Added Moore, who had to bark instructions through two heavy-duty masks between takes, “The whole shoot went really smoothly, largely in part to the organized and efficient way that Eric and Kevin work. … In previous situations, my voice would not have been so strained from over-projecting all day. … We really wanted to make sure this shoot was as safe as possible. I definitely enjoy directing, but credit needs to go to the team on this one. Eric and Kevin are such pros.”
Emerging From the Fog
As Livingmore’s founders and songwriters contributing vocals and guitars on Take Me’s 11 tunes, Moore and Livingston don’t even have to be asked the inevitable question. “For anyone who hasn’t figured it out already, yes, we are in a relationship. I think it’s pretty obvious, but it’s impossible to know how things are perceived by others,” confirms Moore, who croons like Debbie Harry during Blondie’s dream-pop days on the propulsive opener “Sharp” and handily delivers a lively yet lyrically severe “Bummer”.
She and Livingston didn’t know each other while growing up in the San Fernando Valley, but her initial impression of him was a lasting one. “I first saw Spencer playing a solo show in 2013, and I immediately thought, ‘I feel like this guy would get my music,’” Moore recalls. “I could relate to his melodies and the songs he was writing. He had a quirkiness about him, and I connected with it. I said ‘hi’ after his show, and he was very nice.”
They didn’t run into each other again until a year or so later, when she performed some shows as a solo artist that he and some mutual friends attended. “I needed a lead guitarist at one point, and he quickly volunteered,” Moore says of Livingston, who released the introspective solo album Grow in 2013 before providing the driving riffs behind this band’s instrumental clout. “It’s funny because I only had one solo show with him as my guitarist before we decided to form Livingmore together. At that time, we were both in the middle of difficult breakups. We were also both in other bands that were falling apart for a number of different reasons, and we needed to make some changes. It was a very turbulent time in both of our lives, and we helped guide each other through the fog. We truly became best friends. We both needed new starts, and out of the fog came Livingmore. I’ve really never met anyone else as determined,” Moore continues. “We have gone through so much together and are still just as excited as we’ve ever been to make music together, and we never take each other for granted.”

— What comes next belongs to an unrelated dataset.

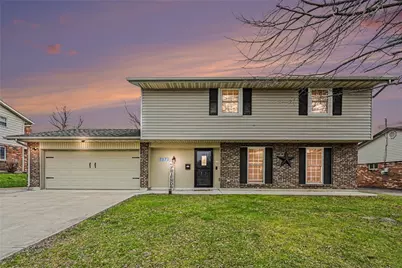 7372 Colegrove Drive, Huber Heights, OH 45424 - Photo 1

Their musical collaboration began as a duo playing and writing songs on acoustic guitars while showing similar tastes in classic bands like the Beatles and the Kinks. Influences ranged from Modest Mouse, Wilco, and Roy Orbison in the United States to Radiohead, the Hives, and the Cure from across the pond to binational Garbage, with Scottish lead singer Shirley Manson fronting a band with three American musicians. “We played around town like that for about a year, focusing on our songwriting before we started letting other musicians in on our little world,” Moore asserts, and Livingmore released its debut, self-titled EP in 2015.
Livingston explains some of their various methods regarding how the pair’s process works in creating Livingmore’s words and music. “Alex and I write separately sometimes, and we’ll bring each other half-written songs to finish. Sometimes an idea will stem from a guitar bit that I’m writing, and Alex will lay something on top of it, which we then kind of massage into a song. When she gets going on that wavelength, I’ll just try my best to carve out a guitar part that moves around her vocal melody. … Sometimes, one of us will write an entire song, and we’ll help each other improve it. … Recently, Alex wrote a song on piano that I really like that may end up on our next album. …
“There are infinite combinations of so many different ways to write a song. We try to keep an open mind and don’t like to get locked into one way of doing anything. Our process is always evolving, and we are constantly learning.”